Chuck is a nefarious buyer looking to spend some of his cryptocurrency. We’ll call the currency BadCoin. He finds two merchants that accept BadCoin: Alice and Bob. Chuck goes ahead and purchases a pineapple from Alice. He then purchases a rubber duck from Bob using the same coin. Both transactions enter a pool of unconfirmed transactions.
Both Alice and Bob, excited for the sale, ship their products immediately. Unfortunately, the system will only confirm one of the transactions (Chuck only had enough to spend on one sale). One of them is down a product without any payment. This is the double spending problem, and one that Bitcoin has managed to solve.
To combat this problem, cryptocurrencies employ consensus mechanisms. This is important, because unlike banks that are a central authority that verify transactions, cryptocurrency transactions need to be verified by a decentralised, trustless network of nodes. Consensus means that the nodes on the network agree on the same state of the blockchain.

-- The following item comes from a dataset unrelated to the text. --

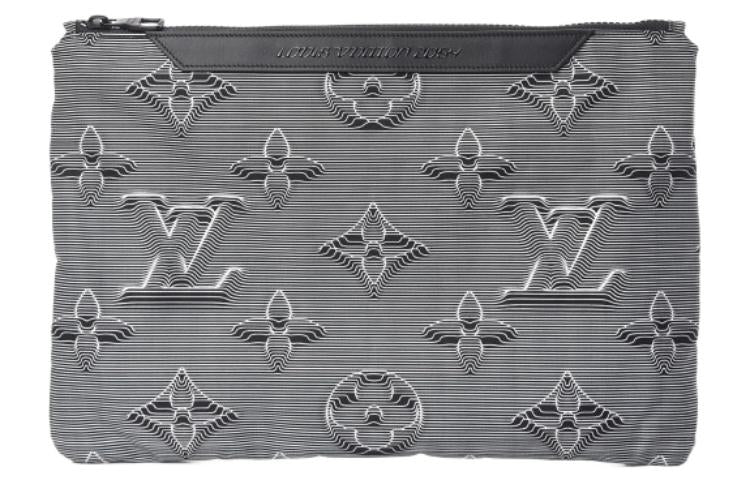 LOUIS VUITTON 2054 Cow Leather Clutch Unisex Gray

Sometimes the blockchain splits, where one chain contains blocks with transactions, and another chain also contains blocks with transactions. The longest chain is regarded as the “correct” chain, as the greatest effort has been invested in it. All the transactions in the second chain re-enter the pool as unconfirmed transactions once the network decides to proceed with the longer chain. It makes sense to abandon the secondary chain, as any computing power exerted to extend this chain will be wasted. Therefore, it’s important to wait for several “confirmations” before being sure that your transaction was successful.
A confirmation is the addition of a block onto the blockchain. For Bitcoin, 6 confirmations are usually enough to be sure your transaction is in the primary chain. At around 10 minutes per block, it’s roughly 60 minutes for 6 confirmations.

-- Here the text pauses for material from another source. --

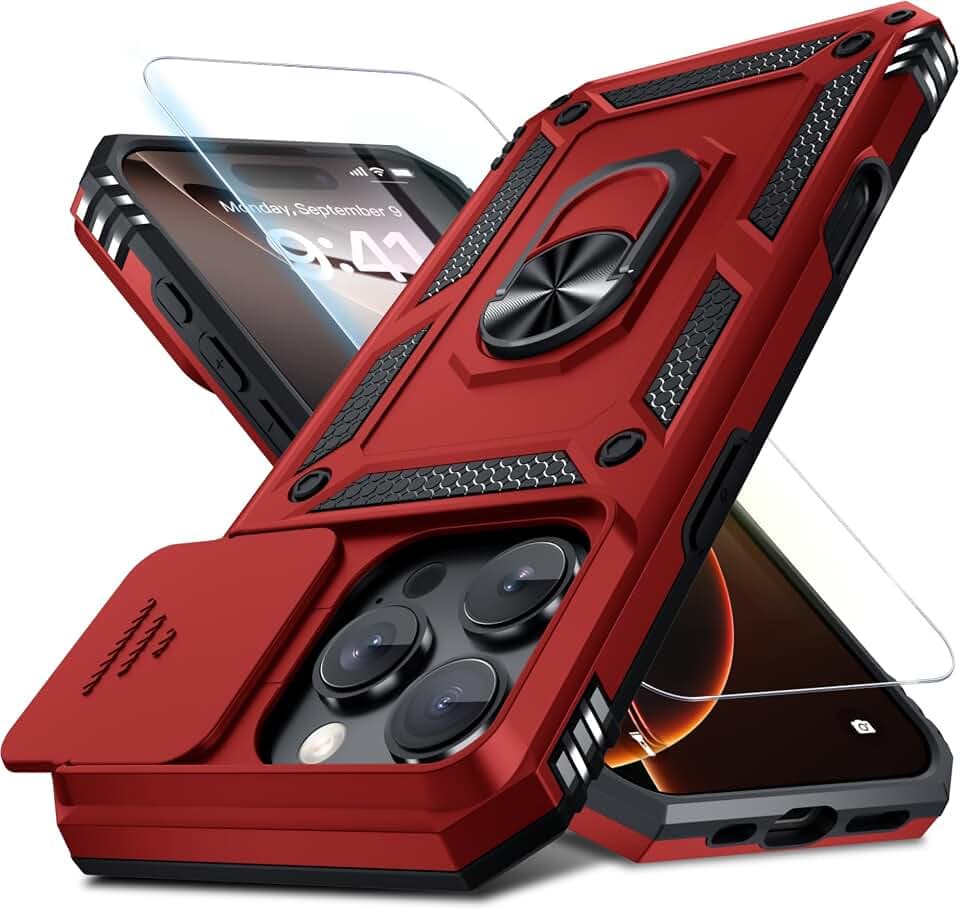 for iPhone 16 Pro Max Phone Case Built in Slide Camera Lens Cover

Now that we know why we need consensus algorithms. Let’s look at some of the most popular implementations by cryptocurrencies today.

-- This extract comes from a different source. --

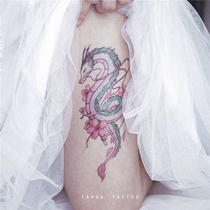 She painted original blue dragon tattoo stickers large pattern Ukiyo-painted flower legs anime Dragon waterproof durable female flower arm stickers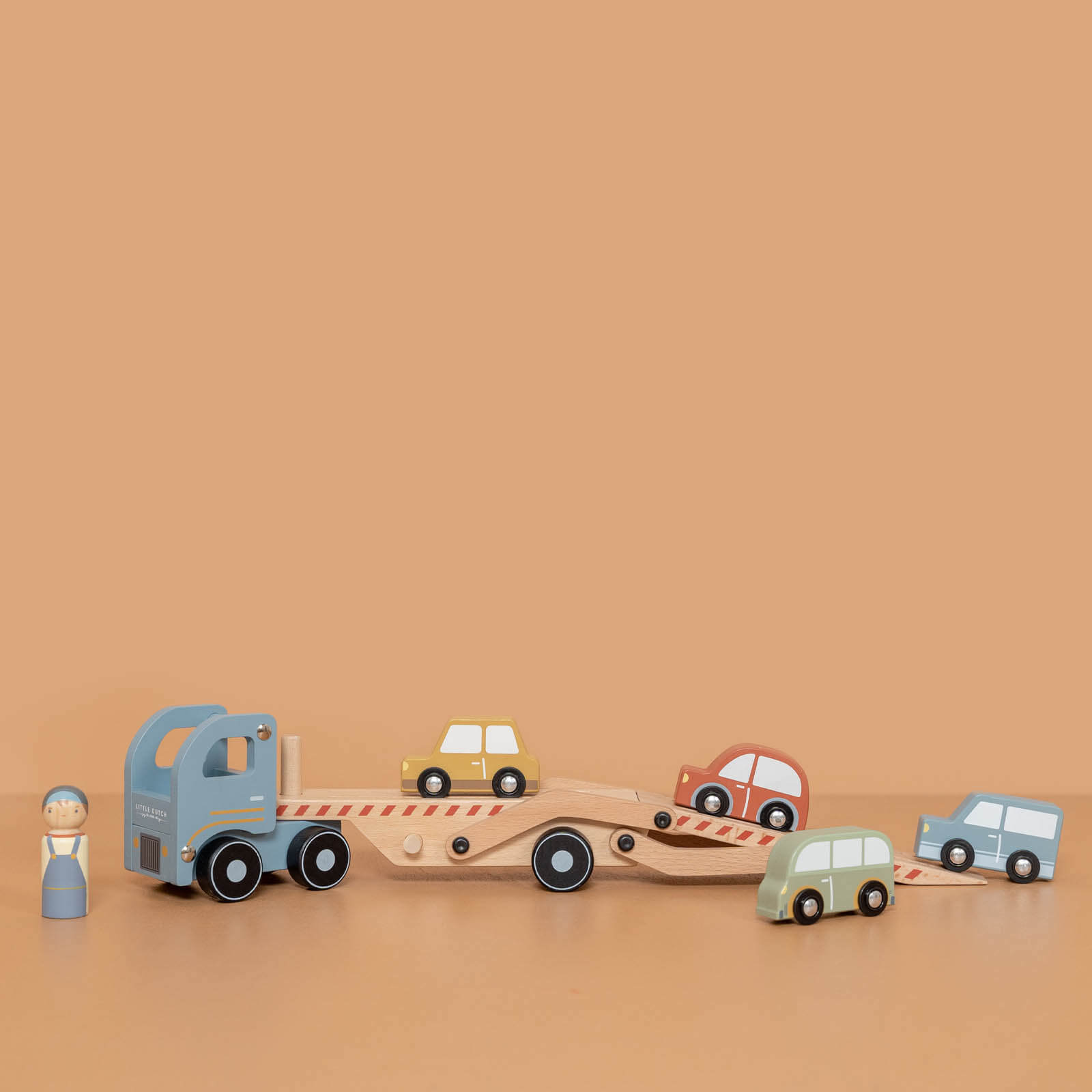 Wooden Truck and 4 Cars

This is likely one you would have heard about before. Well-known coins like Bitcoin and Ethereum both use PoW for their consensus algorithm. Ethereum plans to move to Proof of Stake at some point in the future. In a PoW system, nodes need to perform computationally intensive mathematical equations. These equations are time-consuming to compute, but the result is trivial to verify.
For example, say I ask you to determine the factors of 3,901 where each factor is higher than 40. You’ll need to iterate through all the possible numbers over 40 to determine which two, when multiplied, result in 3,901. This is the “work”/”mining” part that the nodes are competing to solve. Once a node has the answer, is broadcasts it to the other nodes. If a node tells you the answer is 83 and 47, it’s a trivial task to see if they’re right. Simply check if the numbers are more than 40, and multiple them. If all nodes agree, the block is added and the node with the answer is rewarded.
In the case of Bitcoin, the puzzle is to determine which number (nonce – number used once) to add to a list of transactions, so that the hash of the block starts with a certain number of zeros. The complexity and required computing power increases as the required number of zeros increases.
A hash of a string of data reduces it to a fixed length output. Bitcoin uses the SHA-256 function, which produces a 64-character string for any input.
As computing power increases, these puzzles are solved more easily. This is why Bitcoin employs a mechanism that increases difficulty (e.g. requiring a larger number of starting zeros for hashes) if it recognises that blocks are being determined too quickly.
PoW is not without its faults: it consumes large quantities of power.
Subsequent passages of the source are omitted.